Is it at all possible that the guy above you has a recliner, maybe even sleeps in it, and the noise happens when he gets up? If so, he might not even know that he's making such an awful noise.
I had a friend who rented an apartment right next door to a cocaine dealer. She was petrified. It was a somewhat larger building (about eight units, I believe), and everyone petitioned the owner to get rid of the dealer. No dice. (Pun intended.) She finally found a new place, this time directly below a woman who claimed to be a "Buddhist" nun. She was not a celibate nun. Nor was she monogamous, not even remotely. Her place was full of some rather strange types pretty much all the time. And she was really, really loud. This time, my friend wasn't scared, but she was tired and uncomfortable with the constant traffic past her door. She also started to suspect, for the first time, that her inability to find a decent place might have something to do with being black, and these thoughts made her feel depressed and powerless. (Thank God she didn't post her thoughts on the Internet.)

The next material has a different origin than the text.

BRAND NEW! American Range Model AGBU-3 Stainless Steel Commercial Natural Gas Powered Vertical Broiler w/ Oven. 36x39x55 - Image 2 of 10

Yes, LW, you need to have more compassion for illegal day care, things that crash above your bedroom in the middle of the night, and basically everyone else who does not honor their agreements or try to conform their conduct to legal and social norms. Because otherwise you are a self-centered creep who thinks the whole building has to revolve around you and your quirkly desire to sleep. (For someone who can't even afford to buy a house, and whose comfort is therefore not worth all that much in market-driven terms) you sure have a lot of nerve!
Oh, what happened to my friend? She moved again. And the third time was the charm. She loves her new place, and her neighbors, and the area she's living in now. It turned out to be perfect for her.